Keywords

1 Introduction

Recently, fully convolutional networks (FCN) [16] is widely adopted as the general framework for semantic segmentation. FCN usually depends on the advanced deep network architectures, such as the ResNet, and classify every pixel in an image by shared convolution. It is difficult to predict all pixel correctly with high confidence in these structures. As shown in Fig. 1, the areas with different RGB surface are very easy to be mis-classified. According to the further experiments, their scores on probability map are also low. Thus, we define low confidence regions with prediction probability lower than \( \rho \) and high confidence regions on the counterpart. The FCN has a outstanding performance in the high confidence regions, but meet some trouble in low confidence regions, as shown in Table 1.

Fig. 1.
figure 1

This figure show the low confidence regions problem of semantic segmentation task we observed on PASCAL VOC 2012 [5] dataset. (b) is the prediction of FCN base network in low confidence regions and (d) is the ground truth in same region. (c) is the probability map of the FCN predicted categories. Shadow regions shown in (c) are the low confidence regions. In (a), boundary and complex regions always confuse the FCN.

As shown in [4, 6, 10, 24, 26], the neural network only select some most representative regions but ignore other regions. However, in semantic segmentation task, the network should have the ability to adapt the different significations of all objects in the image. It is a challenge for the classification network architectures only based on the origin FCN network’s presentation. This defect of FCN network causes some low confidence regions could not be “focused on” and result in the low confidence regions having a terrible performance.

Table 1. The result of low confidence regions and high confidence regions with different threshold \(\rho \) based on ResNet-101 [9]. The metric is the standard mIOU on PASCAL VOC 2012  [5] validation dataset.

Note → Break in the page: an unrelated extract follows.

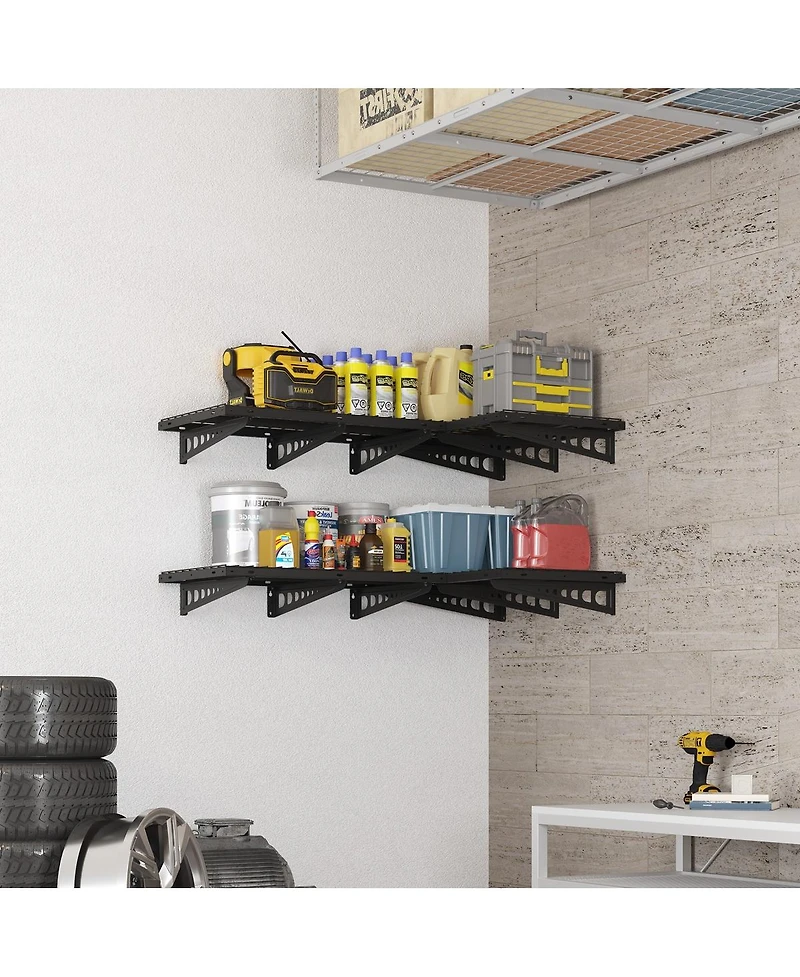Fleximounts Heavy Duty Garage Wall Shelf Max Series, Black — 40" X 24"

To adapt more object’s significations and to solve the low confidence regions problem, we propose our Attention Forest network. Unlike others’ attention mechanism, we not only generate the attention enhanced by the origin network layer by layer, but also generate the reverse attention of origin attention. Reverse attention can capture the objects or the parts which have the different significance of origin FCN network. By employing the reverse attention, the FCN network can focus on more objects. The interaction between low confidence regions on different objects and surroundings patches can modeled better with our sufficient attention maps and reverse attention maps. The Attention Module also can obtain large context information. So the network structure can pay close attention to all low confidence regions and classify these regions better. We embed this attention module into a binary tree structure and each node of the tree can generate an attention and a reverse attention. Furthermore, the Attention Forest is the combination of different Attention Trees for creating more robust attention system. In our “search-classify” modeling approach, we make a progress on the low confidence regions problem.

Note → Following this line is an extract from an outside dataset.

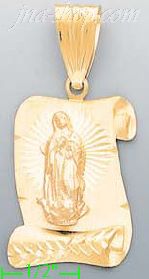 14K Gold Virgin of Guadalupe Scroll Stamp Charm Pendant - Click Image to Close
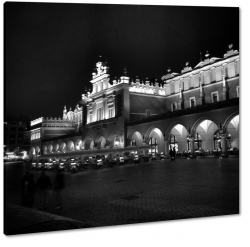 krakw, sukiennice, rynek gwny, polska, noc, blask, wiata, czarny, b&w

Our contributions are summarized as follows: (1) we propose the low confidence regions problem in semantic segmentation task. (2) we propose an Attention Module that has origin attention and reverse attention with large context information.

2 Related Work

Semantic Segmentation:In recently years, studies of the semantic segmentation always employ deep convolution neural networks [2, 12, 16] instead of the handcrafts features [11]. In this task the most common method is enlarge the receptive field and embedding different receptive context information. In  [2, 3, 12, 24], convolution layer with dilation can capture larger receptive field information than the ordinary convolution layer. Driven by the image pyramid, mutli-scale feature ensemble is always employed in semantic segmentation to capture different scope context information. In  [2], an “ASPP” module is applied for ensemble multi-scale feature and in [3] improved the“ASPP” module. [25] applied different scales average pooling in their pyramid pooling module instead of dilation convolution layers.

In [1, 7, 16, 17] also use different level feature of the base network.They refine the outputs of the base network by using before level layer’s context information. In [14] has a multi-path refine structure using different level features. In [18], a large kernel method is employed in CNN with encoder-decoder structure.

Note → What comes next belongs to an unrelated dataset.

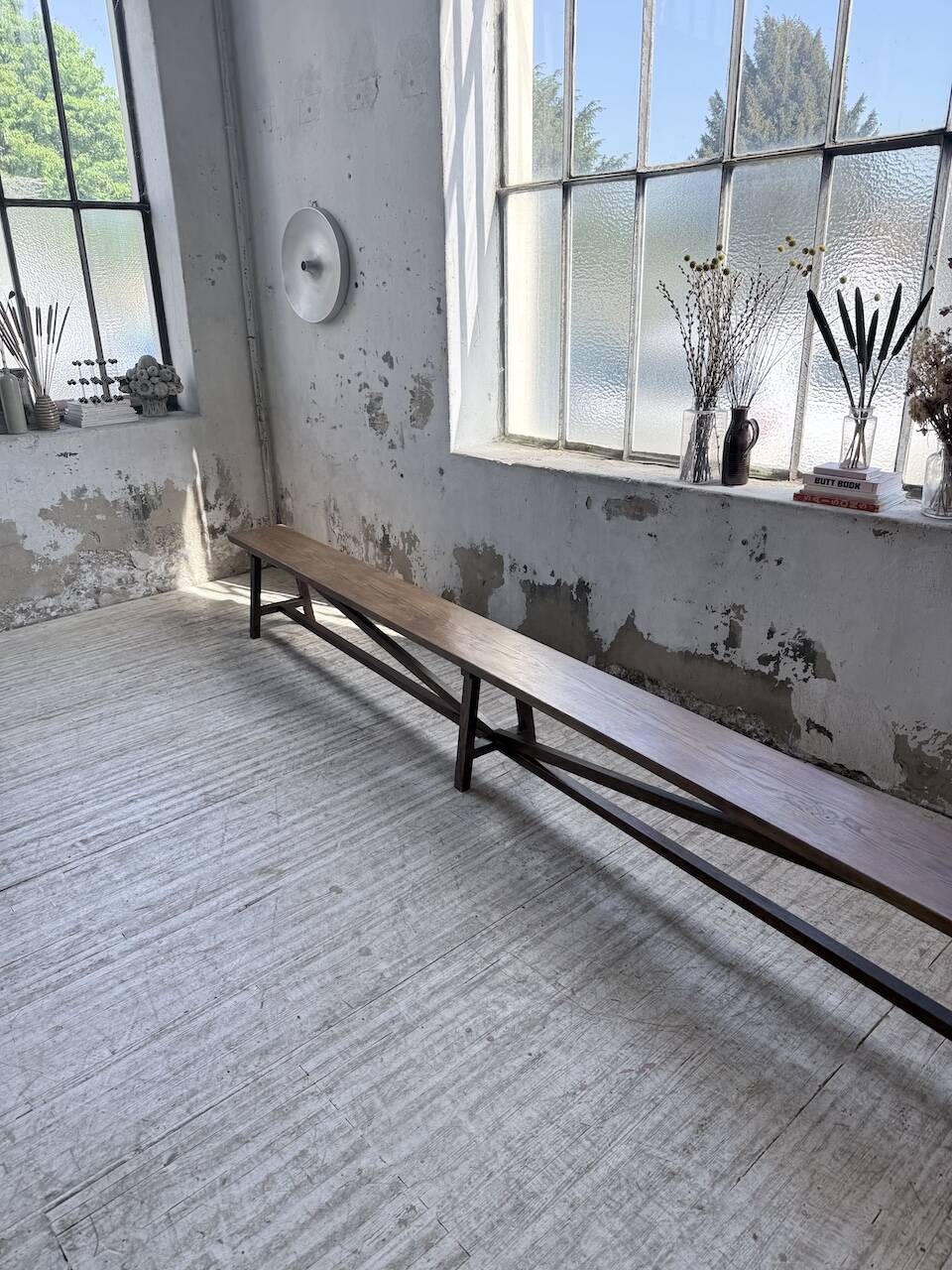 Paire de bancs de ferme chêne 4 mètres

Attention in CNN: Attention mechanism is a import process in CNN to use top information guiding the feed-forward network [6, 26]. In semantic segmentation task, attention mechanism is always used like a signification detection of the image. In [13], attention of CNN depends on the scale of input image. And in [19], the attention is used like a sign to let the network learn what not belong to the signification of the origin network.

3 Approach

In this section, we propose a novel network structure called Attention Forest to solve the low confidence regions problem in semantic segmentation task. We introduce the Attention Tree structure and its sub-module Attention Module in Sect. 3.1. In Sect. 3.2, we propose the Attention Forest structure. At last, we define our whole framework of Attention Tree and Attention Forest in Sect. 3.3.

3.1 Attention Tree

After getting the feature of the base network, the Attention Tree consists of two modules: the Binary Tree module and the Attention module. In the Binary Tree module, each branch of the tree creates refine features of the upper level features. In the Attention module, we create the attention which the network should focus on and the attention which the feature of the upper level doesn’t focus on.

Definition

Let I \(\in I\) donate the input image and F be the base FCN network. Feature f is created by the network as function \(f=F(\mathrm I)\). Let Att donate the attention map generated by attention network from feature f. The network structure of creating attention map can be written as \(F_{Att}\).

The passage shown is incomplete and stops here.